Analysis: Proposed Non-Family Appointments
Nick Mastroluisi
[81] PM LLP, is the accountant for Adisco Limited, one of the defendants, and for various Adisco subsidiaries. In his affidavit, Mr. Mastroluisi states that in 2021, this work generated less than .2% of the PM group’s revenues and that the accounting “field work” was done by an employee of PM LLP, under his oversight and review.
[82] Mr. Mastroluisi was cross-examined on his affidavit. He confirmed that he had had discussions with Laura about the litigation commenced by Kathy, including the specific claims made against the defendants. He also assisted with providing financial disclosure and in offering suggestions on the remedies sought by Kathy such as a buyout of shares, etc.
[83] Mr. Mastroluisi states that he already knows and understands the financial workings of Adisco. Mr. Mastroluisi states that, not only would it take “a substantial amount of time” for Bryan Gelman, the insolvency trustee, put forth by Kathy to act as LG for Tony Sr., to learn and understand the information, it would likely be Mr. Mastroluisi who undertakes that task; doubling the expense to the parties.
[84] Laura was cross-examined on her affidavit. She confirmed that Mr. Mastroluisi was well- aware of this litigation: he had been providing valuations of properties and had been in communication with her lawyers and with Tony Sr.
[85] Laura also confirmed that she had asked Mr. Mastroluisi to act as LG and that he expressed his view that she should not be set aside as Tony Sr.’s LG. Laura also confirmed that Mr. Mastroluisi had done work for the defendants in the context of the litigation and that he had been personally engaged by her and other defendants to prepare materials for the litigation.
[86] Matthew was also cross-examined on his affidavit of November 1, 2022. He confirmed that he had been in conference calls among Mr. Mastroluisi, Laura, and their lawyers with respect to the litigation during which Mr. Mastroluisi gave “opinions or advice”.
Disposition: Mr. Mastroluisi should not be appointed as LG
[87] Based on the evidence on this motion, I find that Mr. Mastroluisi is well-intentioned and acting in good faith when he offers to act as LG for Tony Sr. I also accept his evidence that the accounting work Mr. Mastroluisi has done, either on his own behalf, or as a contractor with PM LLP, is modest, and that his financial interest in continuing to do accounting work for Matthew or Laura and/or the corporations over which she has management control, would not interfere with his ability to discharge his obligations as LG for Tony Sr.
[88] However, against those findings, the concerns identified by Kathy about Mr. Mastroluisi’s suitability to act at Tony Sr.’s LG must be weighed. Those concerns include Mr. Mastroluisi’s involvement to date with Laura and Matthew and their counsel in this litigation; that Mr. Mastroluisi has expressed the view that Laura ought not to be removed as LG for Tony Sr.; and that he is undecided about whether, if appointed as Tony’s LG, he would seek independent representation or continue to be represented by the counsel jointly representing Laura, Matthew and the other defendants, seeking advice from outside counsel only when he perceives the need.
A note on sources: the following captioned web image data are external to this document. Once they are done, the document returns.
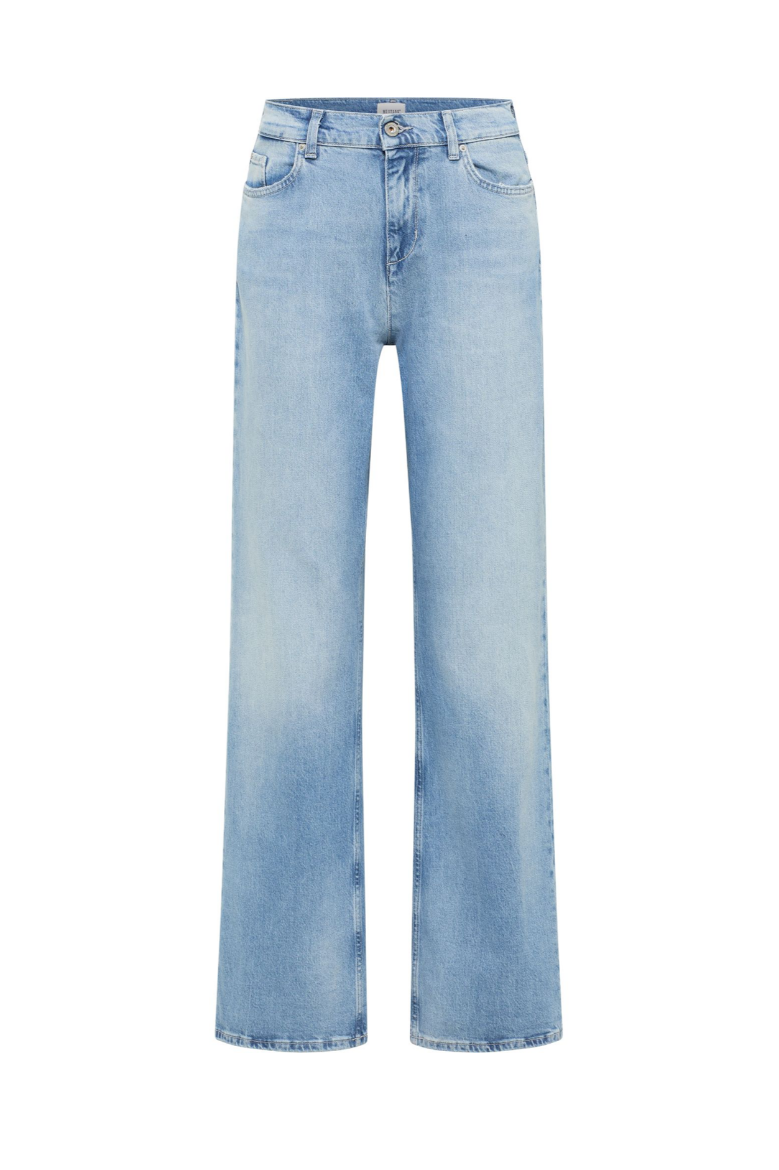 Bild von Tall Damen Jeans Madison Wide L36 & L38 Inch, light blue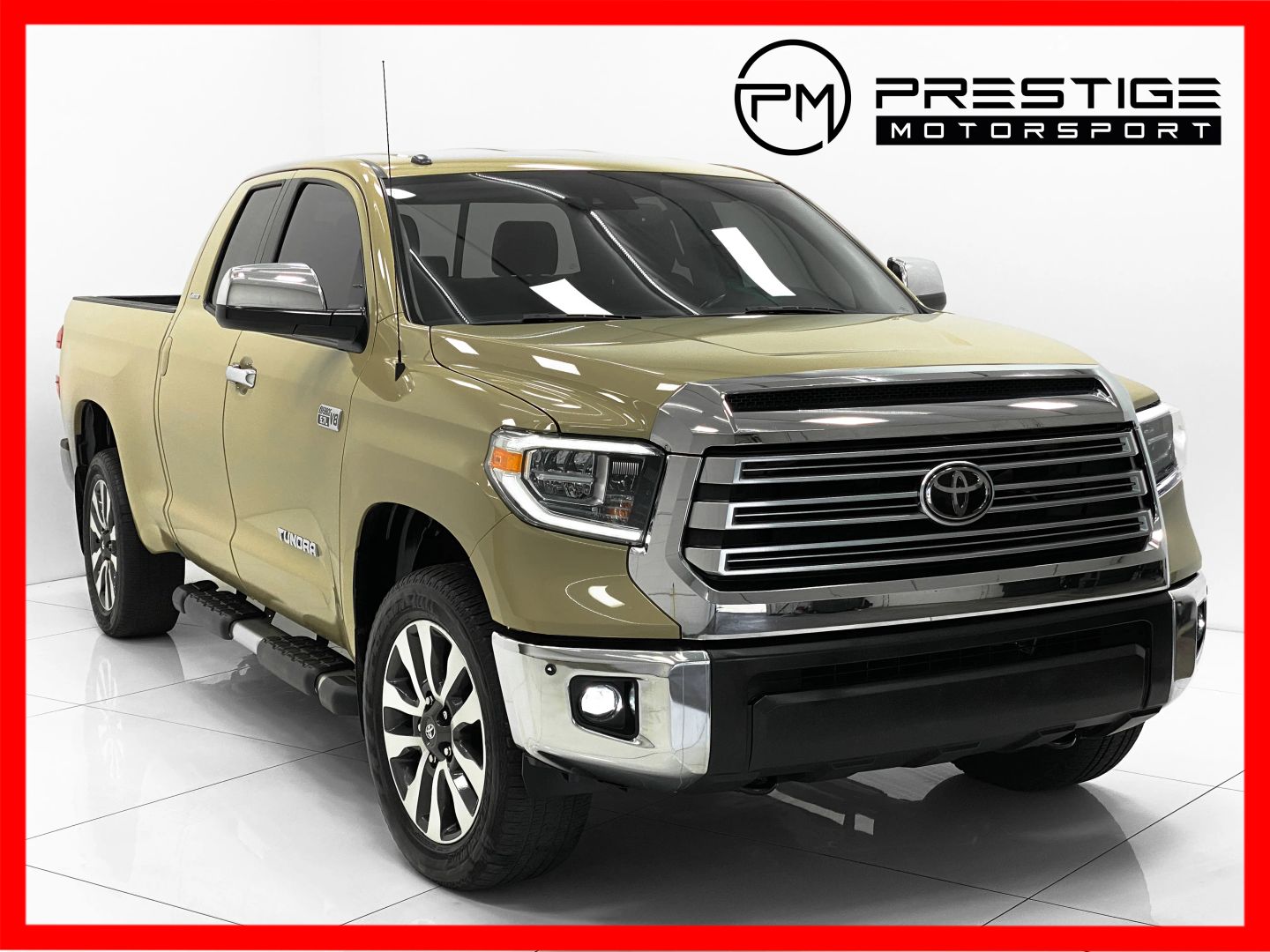 2019 Toyota Tundra Limited 5.7L 4WD Double Cab Std Bed's photo
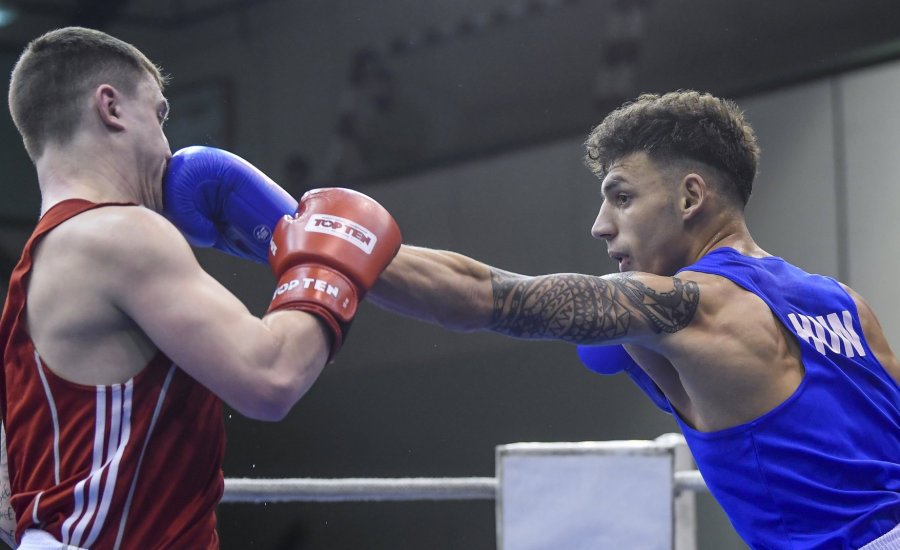 Bernáth László és Kovács Richárd is szép győzelmet aratott, a franciák késtek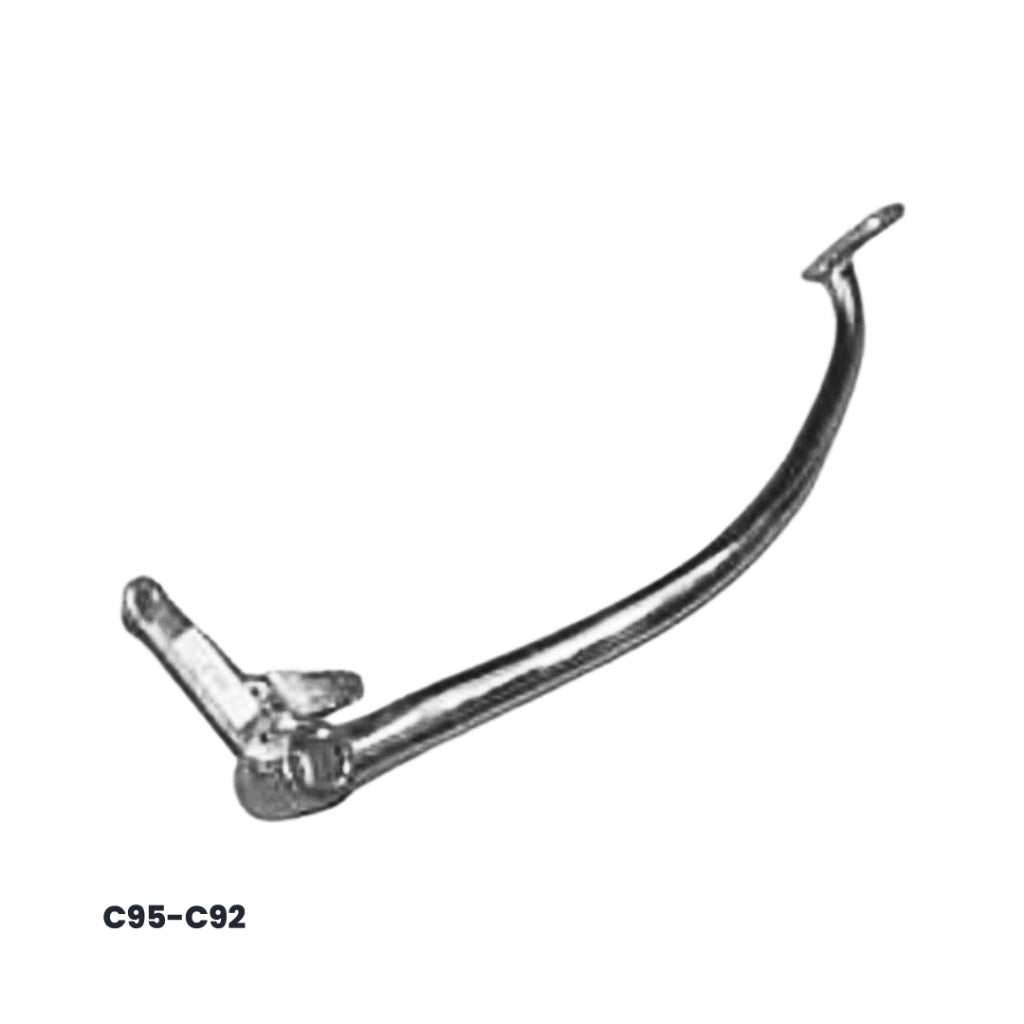 OOH Pedal Brake (คันเบรก) [สำหรับรถมอเตอร์ไซค์] HONDA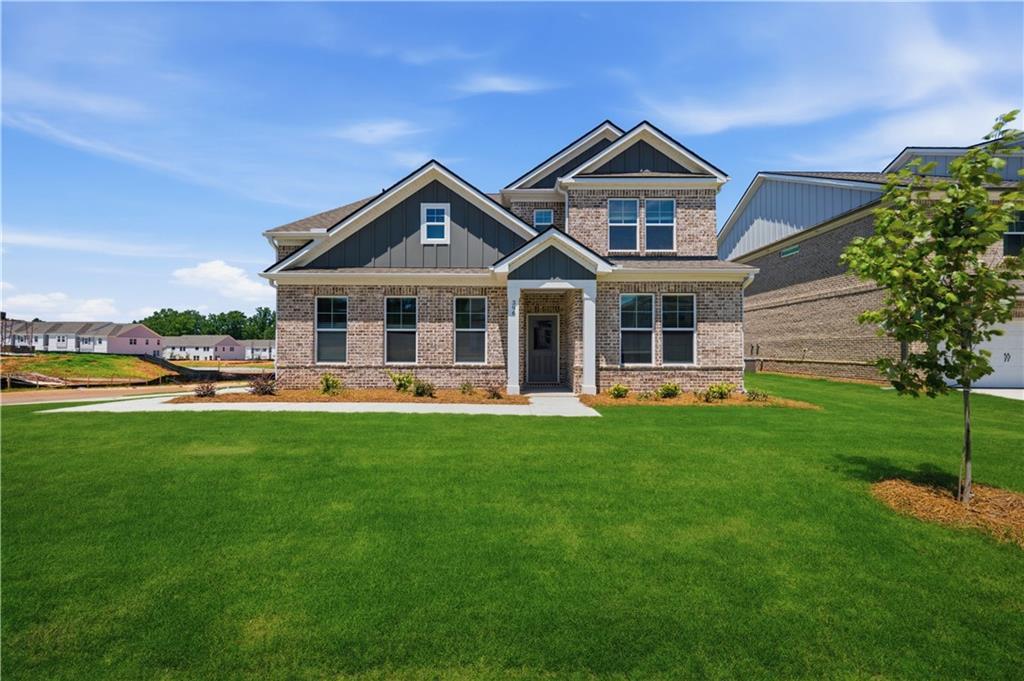 396 Enchanted Springs Ct., Mcdonough, GA 30253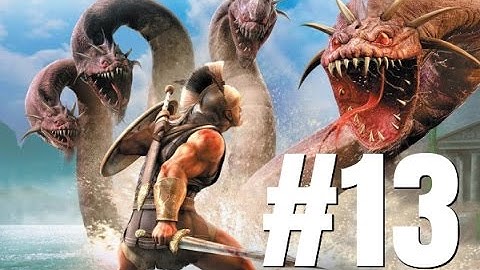 Titan Quest Anniversary Edition Gameplay Walkthrough Part 13 - No Commentary [PC]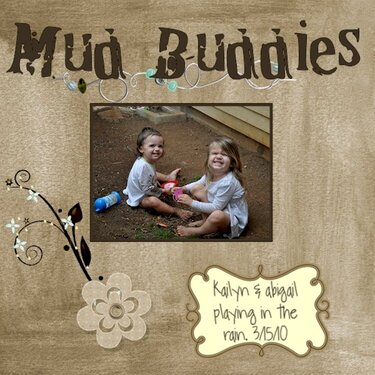 Mud Buddies p365 day 74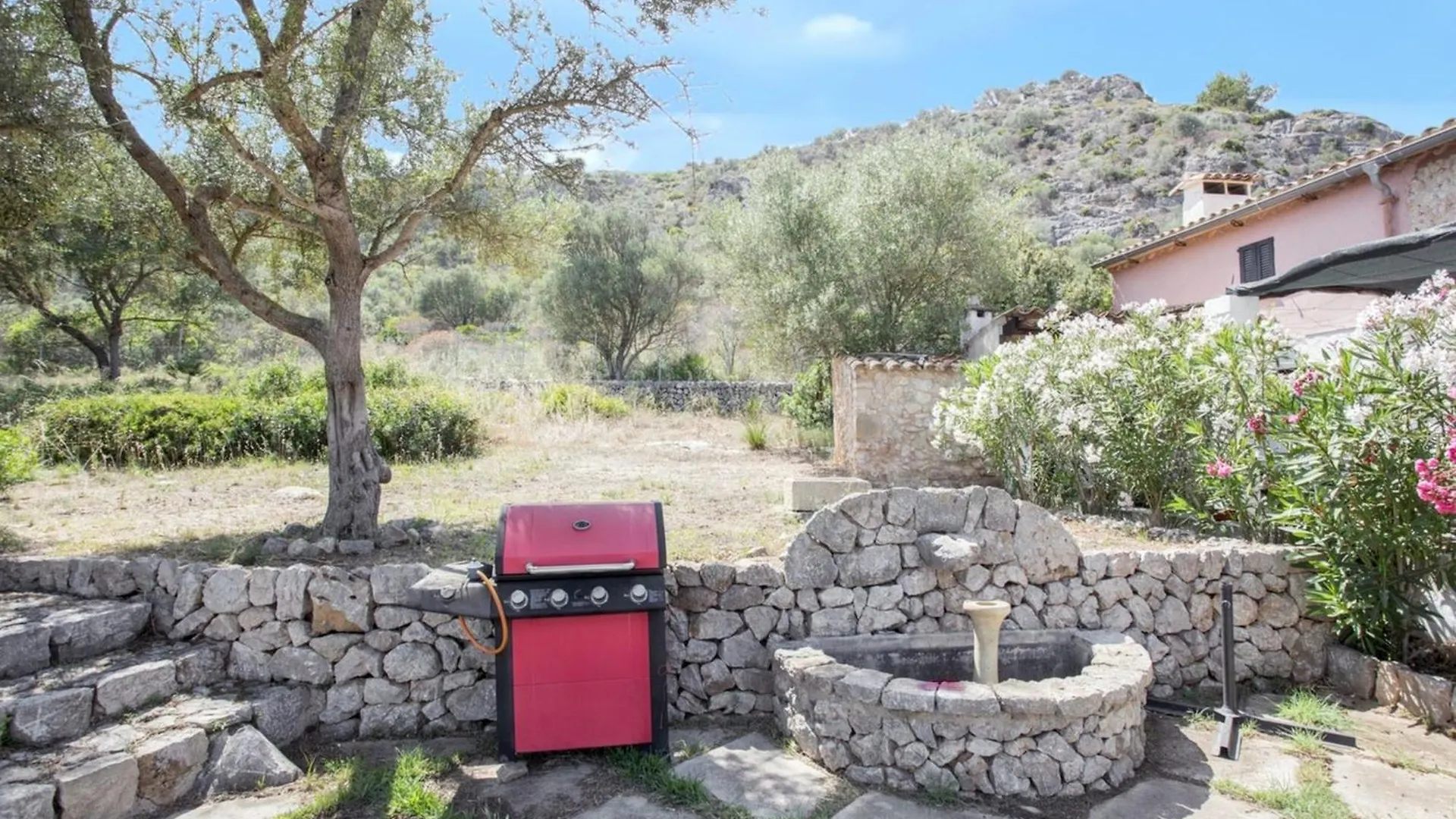 Mountain View Apartment Pollenca 0*,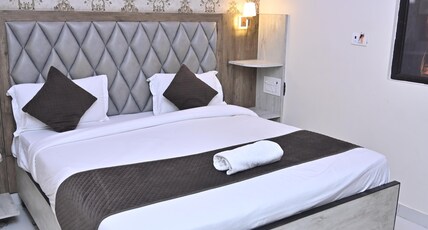 Kashi Mantram Room Type - Standard double bed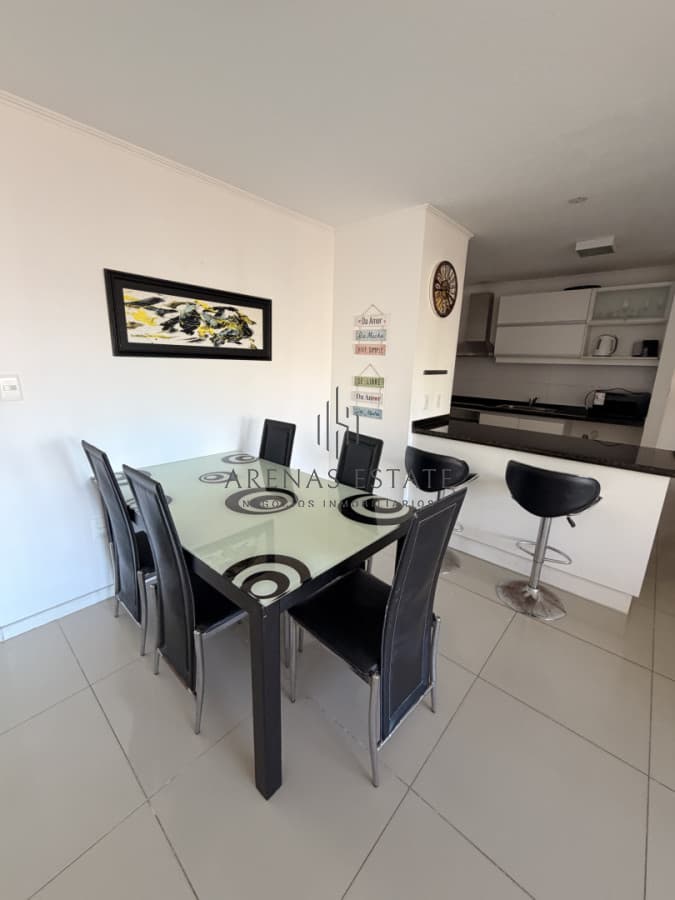Apartamento ID.4441 - Apartamento de dos dormitorios en Aidy Grill , Punta del Este
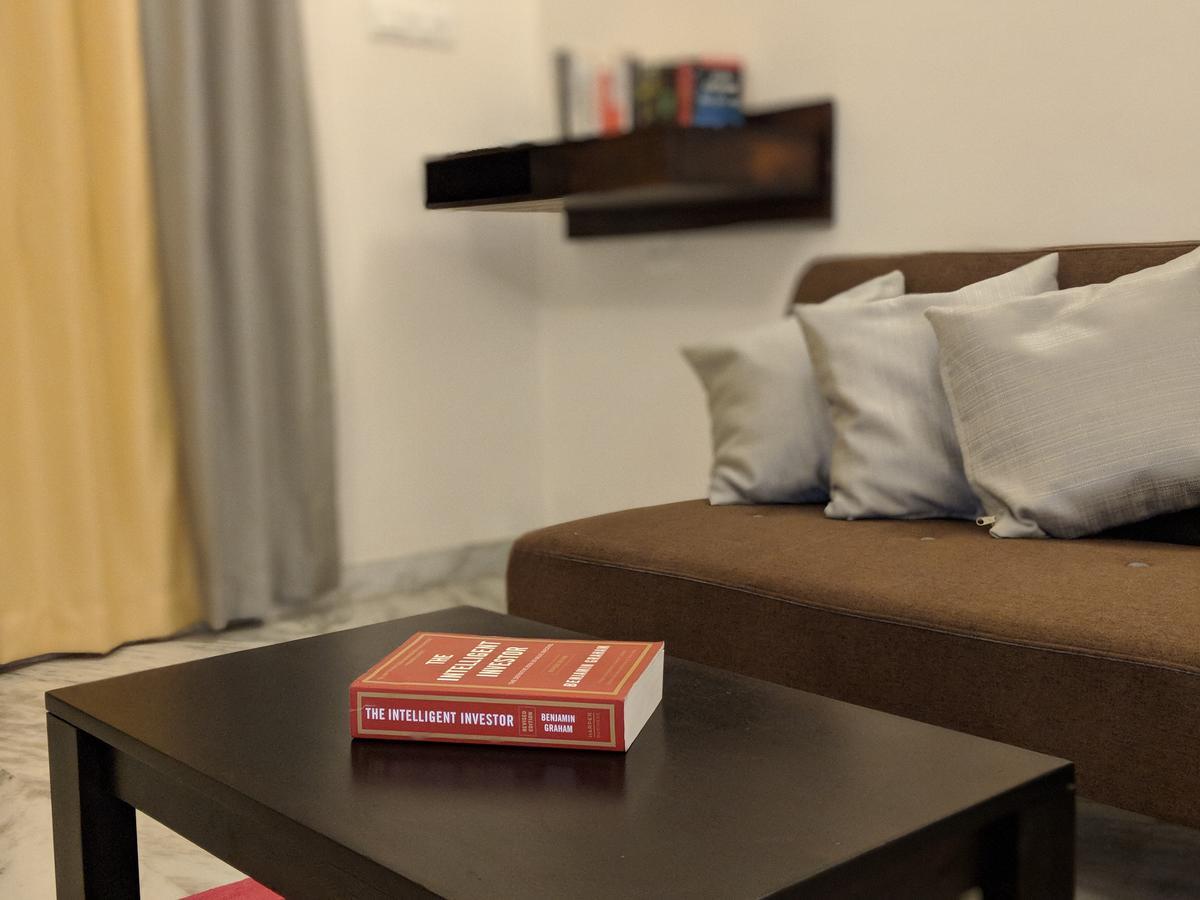 Mash Manyata Serviced Apartments Μπανγκαλόρ Εξωτερικό φωτογραφία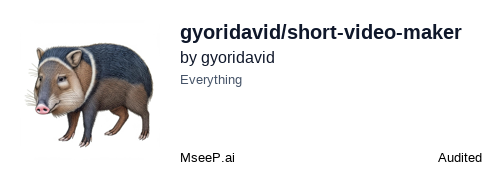 MseeP.ai Security Assessment Badge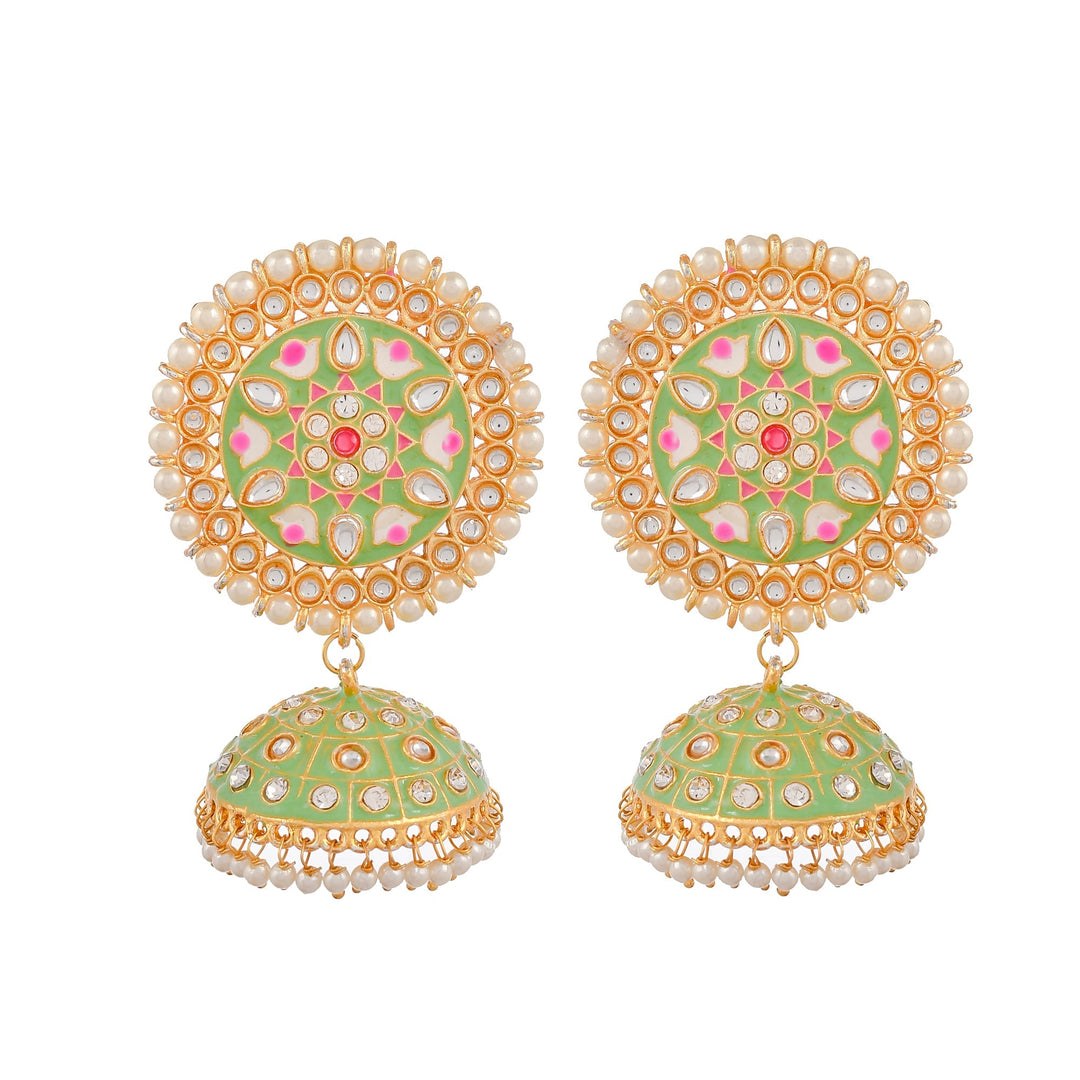 Dastoor Royal Earring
[89] In my view, that latter concern is significant: if Mr. Mastroluisi, as Tony Sr.’s LG, chose to continue to be represented by Laura and Matthew’s lawyers, it would undermine his independence and could influence his decisions and interfere with his ability to provide the neutral, unbiased assessment of the legal situation of Tony Sr. and to offer an unclouded opinion as to the appropriate course of action, the essence of “indifference”: see Gronnerud, at para 20 .
[90] I conclude that Mr. Mastroluisi is not an appropriate person to be appointed as Tony Sr.’s LG.
Bryan Gelman
[91] Mr. Gelman appears adequately qualified to act as Tony Sr.’s LG and, of the persons put forth to act as LG for Tony Sr., he is the only one who appears to be truly independent of the parties, unfettered by any bias, pre-existing relationships, or other improper considerations.
[92] Mr. Gelman has also indicated that he intends to retain independent counsel, which will address concerns identified above respecting the defendants’ continued joint retainer of counsel.
[93] Laura correctly identified that Mr. Gelman must acknowledge that he could be personally liable for costs, and he did so in his second affidavit. The order appointing Mr. Gelman should also reference that potential personal obligation.
Disposition of the motion
[94] Based on the evidence put forth on this motion, and subject to my approval of the terms of order appointing him, I appoint Mr. Gelman as LG for Tony Sr.
Terms of Mr. Gelman’s Appointment
[95] Schedule C to Kathy’s factum sets out the proposed terms of Mr. Gelman’s appointment. The wording in paragraphs 1, 2, and 3 appear inconsistent with Mr. Gelman’s obligation as LG to acknowledge that he may be personally liable to pay costs, an obligation which must be reflected in any order appointing him. Kathy’s draft Order requires amendment on that point.
[96] The other terms set out in Schedule C are acceptable to the court.
[97] Kathy is to circulate a revised draft order for the appointment of Mr. Gelman. If the parties cannot agree on the wording of the order, counsel may seek a brief appearance before me, via ZOOM. In advance of any such appearance, each party shall serve and submit their proposed order to my attention, by sending the draft via email to the Assistant Trial Coordinator.
Costs
[98] As the successful parties on this motion, the plaintiffs are presumptively entitled to their costs. I would urge the parties to attempt to reach an agreement on costs. If they are unable to do so, then costs submissions shall be made as follows:
Within 14 days of the date of the release of this decision, the plaintiffs shall serve and file their written costs submissions, not to exceed three pages, double-spaced, together with a draft bill of costs and copies of any relevant offers to settle.
Within 7 days of the service of the plaintiffs’ costs submissions, the defendants shall serve and file their responding submissions of no more than three pages, double-spaced, together with a draft bill of costs and copies of any relevant offers to settle.
[99] If no submissions are received within 21 days of the date of the release of these reasons, the parties shall be deemed to have resolved the issue of the costs and costs will not be determined by the court.
Justice L. Sheard
Released: January 10, 2023
[^1]: For ease of reference only, and without intending any disrespect, I refer to the Di Silvestro family members by their first names. [^2]: Chartered Insolvency and Restructuring Professional and Licensed Insolvency Trustee. [^3]: Chartered Professional Accountant, Chartered Business Valuator, Trust and Estate Practitioner.